I would love to participate in the thread on economic values. I am concerned that humans have lost sight as to why they even advocate economic policy at all. As for private property, I get into hot water every time here, there are alot of slick-Ricks out there that can actually demonstrate the value of stewardship over resources, and even detail the problems of commons. Although there are ways around everything, I am very concerned not so much about the private property of artificial contructions, like houses and cars, but about the ability to profit from owning someone else’s “property” like houses and cars.
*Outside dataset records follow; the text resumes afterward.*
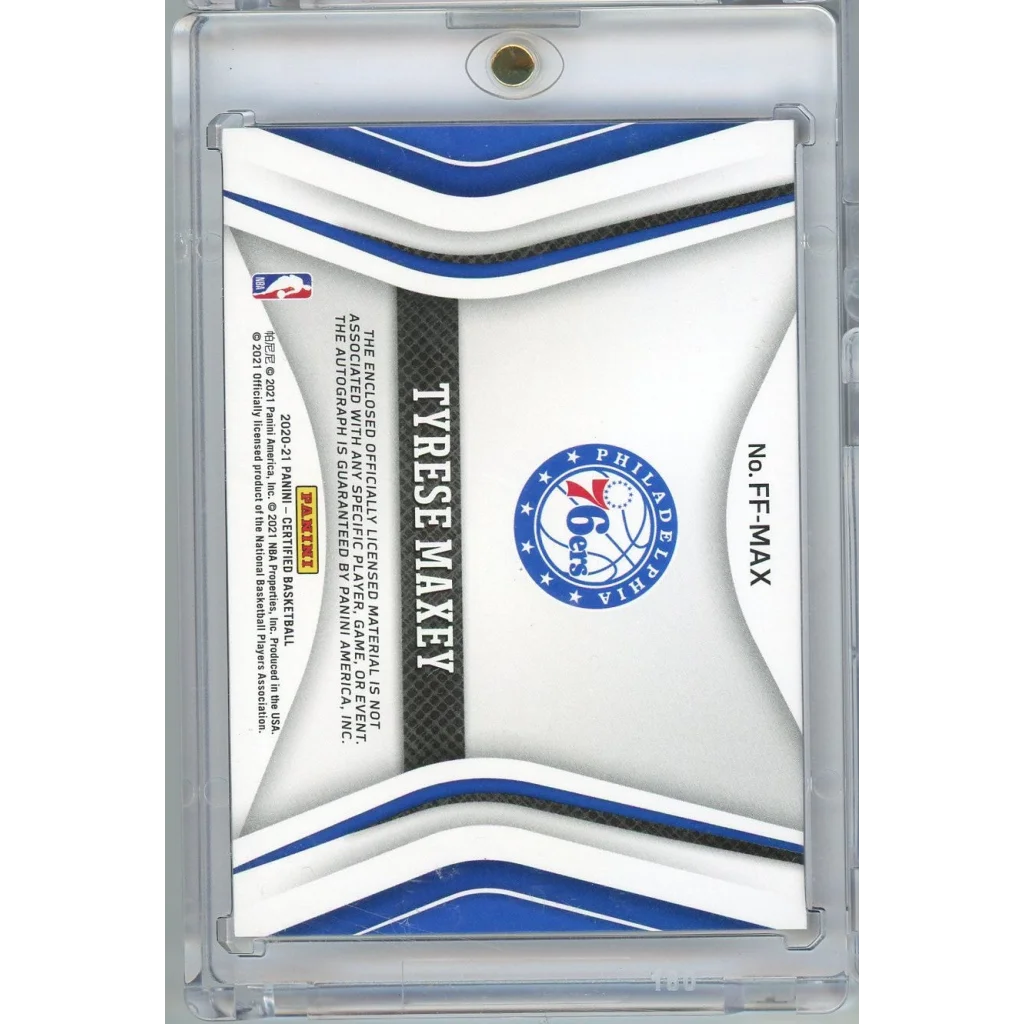 Philadelphia 76ers Tyrese Maxey autographed 2020 Panini Certified rookie card in case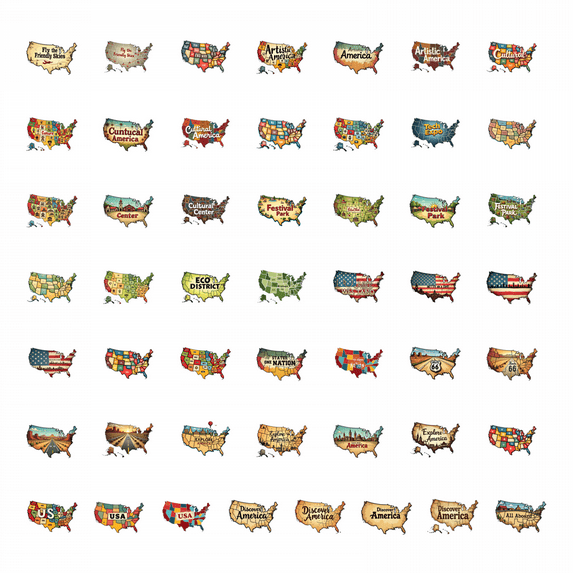 50pcs Vintage America Map Stickers Travel Adventure Discovery Stationery Stickers Water Bottle Laptop Phone Guitar Bicycle Luggage Sticker Set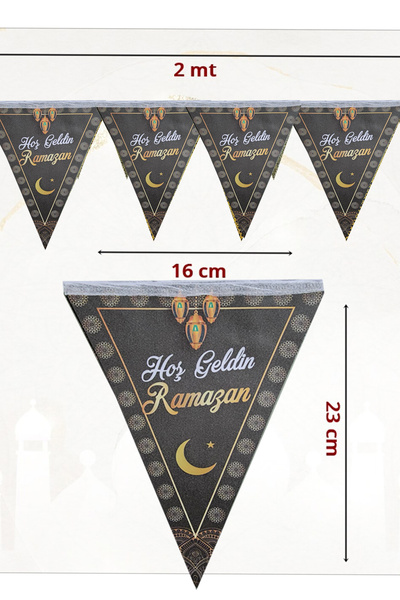 Parti dolabı Hoşgeldin Ya Şehri Ramazan Yazılı Üçgen Flama 180 Cm 10 Bayrak Ramazan Bayramı Dini Islami Süsü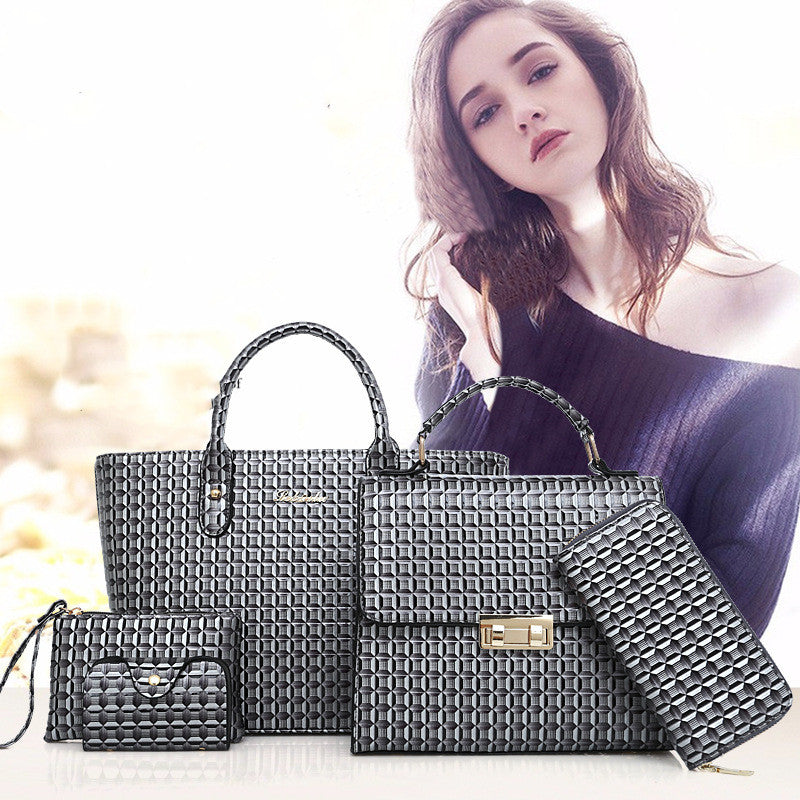 European And American Fashion Plaid Mother Bag Five-piece Set apparels & accessories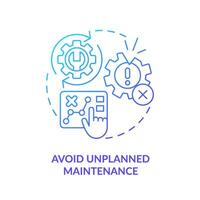 2D gradient icon avoid unplanned maintenance concept, isolated vector, predictive maintenance thin line illustration. vector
My point of departure for progressivism in general begins with the Federal Reserve, a quasi-federal bankers institution. Until they lend people money directly to buy houses, we have no business giving them the store and insuring bank deposits with our own printed money. Did I say money? (There is my view in a nutshell. It is not Marxist, it is not capitalist). We print and insure the money for people to get rich on. If they want to print their own money, they would not get rich, they would go broke. Why does the public go along with it other than by hoping to tax it? We own the money supply, it is ours, it is a metaphor of wealth, not real. We can tax as we please, because it is our economy, and there is an actual perfect amount to tax depending on certain factors. It is far better to tax than print worthless money. This is getting abstract, and I think Marx missed something big here via his prejudice.

I wasn’t trying to say that Marxism was designing an economy for poverty in the same way Christity was designed to pacify the poor, but I instinctively feel that by demonizing the economic middle-man, Marxism missed the point, which is not to eliminate the middle-man in some passionate fashion of leader-follower, but to all become middle-men in the abstract.

Brian (and anyone else eager to give this topic a whirl). Thread on economic values soon to come. At the mo’ I’m swamped with work so probably tomorrow or Friday. I agree, too, on the Fed.